Conservation measures for the frog will be made easier by the species' designation as "threatened," a less dire classification than "endangered." A "threatened" species is one that is likely to become endangered; an "endangered" species is one that is in danger of becoming extinct.
"The Endangered Species Act offers a great deal of flexibility, particularly for species listed as threatened, and the Fish and Wildlife Service will use the full flexibility of the law to find cooperative strategies that balance conservation with economic activities," Beattie said. Recovery planning efforts for the frog will begin immediately. Technical experts and representatives of affected groups will be included in this effort.
Beattie said sound management practices exist to protect the California red-legged frogs in most situations where there may be concerns about the impacts of development or other activities.
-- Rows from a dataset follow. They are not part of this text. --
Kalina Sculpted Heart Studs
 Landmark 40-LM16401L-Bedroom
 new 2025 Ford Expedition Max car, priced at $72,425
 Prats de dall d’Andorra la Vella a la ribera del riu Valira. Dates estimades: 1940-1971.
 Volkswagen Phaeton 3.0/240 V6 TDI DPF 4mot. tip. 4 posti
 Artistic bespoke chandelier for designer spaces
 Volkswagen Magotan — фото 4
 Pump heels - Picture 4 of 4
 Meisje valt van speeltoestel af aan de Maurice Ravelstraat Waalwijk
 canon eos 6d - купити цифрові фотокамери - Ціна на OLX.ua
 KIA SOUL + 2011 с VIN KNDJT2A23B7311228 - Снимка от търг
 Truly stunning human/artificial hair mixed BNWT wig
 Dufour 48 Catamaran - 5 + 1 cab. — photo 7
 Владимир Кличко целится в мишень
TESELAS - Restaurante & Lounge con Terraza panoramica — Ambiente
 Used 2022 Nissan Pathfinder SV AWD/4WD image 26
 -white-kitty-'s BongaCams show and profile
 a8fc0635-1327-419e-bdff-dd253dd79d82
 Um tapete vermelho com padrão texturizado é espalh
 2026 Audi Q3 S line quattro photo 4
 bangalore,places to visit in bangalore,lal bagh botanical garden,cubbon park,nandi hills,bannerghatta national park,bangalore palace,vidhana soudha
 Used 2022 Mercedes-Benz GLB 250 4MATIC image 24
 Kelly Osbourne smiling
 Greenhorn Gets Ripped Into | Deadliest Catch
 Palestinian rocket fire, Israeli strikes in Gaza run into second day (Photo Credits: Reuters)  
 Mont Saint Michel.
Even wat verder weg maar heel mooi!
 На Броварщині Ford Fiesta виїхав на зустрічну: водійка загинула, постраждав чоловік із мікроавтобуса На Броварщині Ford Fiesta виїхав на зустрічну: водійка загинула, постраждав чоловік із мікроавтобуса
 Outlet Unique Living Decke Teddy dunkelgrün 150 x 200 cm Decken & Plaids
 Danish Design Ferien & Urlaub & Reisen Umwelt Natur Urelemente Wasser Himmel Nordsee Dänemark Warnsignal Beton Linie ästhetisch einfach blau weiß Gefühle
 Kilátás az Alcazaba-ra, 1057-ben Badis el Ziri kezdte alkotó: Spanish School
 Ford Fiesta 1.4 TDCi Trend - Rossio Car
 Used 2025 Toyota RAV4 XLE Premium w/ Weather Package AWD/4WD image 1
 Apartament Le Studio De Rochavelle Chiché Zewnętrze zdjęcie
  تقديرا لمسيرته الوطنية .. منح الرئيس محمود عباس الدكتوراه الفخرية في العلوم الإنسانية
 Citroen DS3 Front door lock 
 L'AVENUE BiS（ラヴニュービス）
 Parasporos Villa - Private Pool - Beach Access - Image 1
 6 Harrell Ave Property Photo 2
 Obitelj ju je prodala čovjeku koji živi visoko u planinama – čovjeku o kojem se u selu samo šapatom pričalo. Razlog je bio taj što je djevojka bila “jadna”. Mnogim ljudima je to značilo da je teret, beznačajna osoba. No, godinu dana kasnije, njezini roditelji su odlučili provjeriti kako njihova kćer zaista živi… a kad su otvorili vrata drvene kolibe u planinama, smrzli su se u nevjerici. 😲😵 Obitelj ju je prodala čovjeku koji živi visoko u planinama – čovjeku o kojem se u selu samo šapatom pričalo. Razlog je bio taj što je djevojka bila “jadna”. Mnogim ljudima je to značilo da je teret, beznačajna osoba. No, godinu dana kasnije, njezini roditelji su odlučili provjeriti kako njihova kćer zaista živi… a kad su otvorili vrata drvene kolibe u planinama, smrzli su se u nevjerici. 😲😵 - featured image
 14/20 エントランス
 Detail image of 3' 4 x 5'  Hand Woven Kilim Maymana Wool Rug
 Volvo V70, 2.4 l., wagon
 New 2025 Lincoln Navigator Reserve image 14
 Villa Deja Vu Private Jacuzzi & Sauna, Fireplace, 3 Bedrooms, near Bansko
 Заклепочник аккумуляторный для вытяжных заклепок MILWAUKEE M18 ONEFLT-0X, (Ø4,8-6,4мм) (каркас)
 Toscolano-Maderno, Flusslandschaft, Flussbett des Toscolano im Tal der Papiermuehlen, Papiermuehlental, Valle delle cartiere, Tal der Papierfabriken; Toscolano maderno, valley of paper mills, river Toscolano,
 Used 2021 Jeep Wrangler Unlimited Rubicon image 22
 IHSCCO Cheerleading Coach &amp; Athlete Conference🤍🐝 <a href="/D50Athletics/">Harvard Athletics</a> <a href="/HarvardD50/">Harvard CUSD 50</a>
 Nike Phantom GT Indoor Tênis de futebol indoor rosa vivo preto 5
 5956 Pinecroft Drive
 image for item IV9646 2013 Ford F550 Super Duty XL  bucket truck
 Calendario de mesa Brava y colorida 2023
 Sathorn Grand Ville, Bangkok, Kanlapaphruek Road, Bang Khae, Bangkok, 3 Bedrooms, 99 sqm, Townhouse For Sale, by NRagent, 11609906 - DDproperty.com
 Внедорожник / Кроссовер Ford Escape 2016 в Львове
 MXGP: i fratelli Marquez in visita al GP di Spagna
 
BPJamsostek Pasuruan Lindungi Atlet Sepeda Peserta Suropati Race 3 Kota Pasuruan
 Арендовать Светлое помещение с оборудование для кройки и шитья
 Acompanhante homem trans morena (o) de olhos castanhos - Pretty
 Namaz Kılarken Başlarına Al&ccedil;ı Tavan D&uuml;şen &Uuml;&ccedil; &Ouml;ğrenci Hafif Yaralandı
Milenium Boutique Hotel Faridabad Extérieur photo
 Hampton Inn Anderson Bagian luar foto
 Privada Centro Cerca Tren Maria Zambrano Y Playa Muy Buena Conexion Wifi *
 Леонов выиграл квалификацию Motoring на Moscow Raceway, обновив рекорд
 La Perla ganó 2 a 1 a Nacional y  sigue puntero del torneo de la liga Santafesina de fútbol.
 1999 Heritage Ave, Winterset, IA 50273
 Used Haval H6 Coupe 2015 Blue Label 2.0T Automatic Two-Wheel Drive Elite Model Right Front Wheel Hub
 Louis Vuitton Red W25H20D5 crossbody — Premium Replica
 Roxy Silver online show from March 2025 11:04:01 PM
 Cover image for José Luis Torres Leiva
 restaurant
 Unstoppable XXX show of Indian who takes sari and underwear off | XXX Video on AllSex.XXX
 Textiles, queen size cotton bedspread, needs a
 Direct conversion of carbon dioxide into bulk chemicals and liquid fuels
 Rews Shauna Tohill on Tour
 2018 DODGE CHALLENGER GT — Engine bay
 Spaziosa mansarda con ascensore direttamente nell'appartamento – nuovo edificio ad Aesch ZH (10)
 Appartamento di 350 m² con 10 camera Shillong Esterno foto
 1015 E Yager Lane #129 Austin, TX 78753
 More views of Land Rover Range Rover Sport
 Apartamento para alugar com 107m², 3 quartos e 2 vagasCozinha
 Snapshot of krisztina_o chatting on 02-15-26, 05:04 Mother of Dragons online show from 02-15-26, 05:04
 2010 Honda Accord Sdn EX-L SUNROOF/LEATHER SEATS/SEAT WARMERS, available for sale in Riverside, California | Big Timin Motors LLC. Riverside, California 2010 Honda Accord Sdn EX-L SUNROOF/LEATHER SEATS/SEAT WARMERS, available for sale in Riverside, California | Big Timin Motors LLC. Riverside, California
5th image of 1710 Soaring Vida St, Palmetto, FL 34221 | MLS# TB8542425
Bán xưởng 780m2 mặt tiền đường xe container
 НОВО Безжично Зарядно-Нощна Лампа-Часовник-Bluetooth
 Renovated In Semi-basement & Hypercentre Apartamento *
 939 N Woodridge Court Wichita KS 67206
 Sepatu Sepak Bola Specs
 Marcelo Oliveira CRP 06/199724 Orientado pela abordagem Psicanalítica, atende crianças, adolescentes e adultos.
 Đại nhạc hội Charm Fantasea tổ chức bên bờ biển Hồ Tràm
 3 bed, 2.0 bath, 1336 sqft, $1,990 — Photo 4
Environmental requirements under California State law and other permitting processes already provide many of the protective measures needed by the frog. Options such as protecting riparian areas and reducing erosion also improve water quality and habitat for many species of fish and wildlife.
The largest native frog in the western United States, the red-legged frog ranges from 1.5 to 5 inches in length. It has an olive or brown back and a reddish-colored belly and undersides of the hind legs. It lives mostly in wetlands and streams that have deep water pools and dense stands of overhanging vegetation.
The frog was fairly widespread in California when Mark Twain wrote his famous story in 1865. Bullfrogs are popular in jumping frog competitions today, but there are no records of bullfrogs being introduced in California until 1896.
Today the red-legged frog has disappeared from 70 percent of its original range, and many of the remaining populations appear to be declining rapidly. It is known to occur in about 240 streams or drainages primarily in the central coastal area of California. Only three areas within its entire historic range may currently support more than 350 adults.
Over the last two decades, scientists have noted a widespread decline of frogs and other amphibian species, the causes of which are not fully understood. The decline of the California red-legged frog is attributed to the spread of exotic predators such as bullfrogs, and the widespread habitat changes that have fragmented habitat, isolated populations, and degraded streams. Its decline signals a loss of diversity and environmental quality in wetlands and streams that are essential to clean water and to the survival of many fish and wildlife species.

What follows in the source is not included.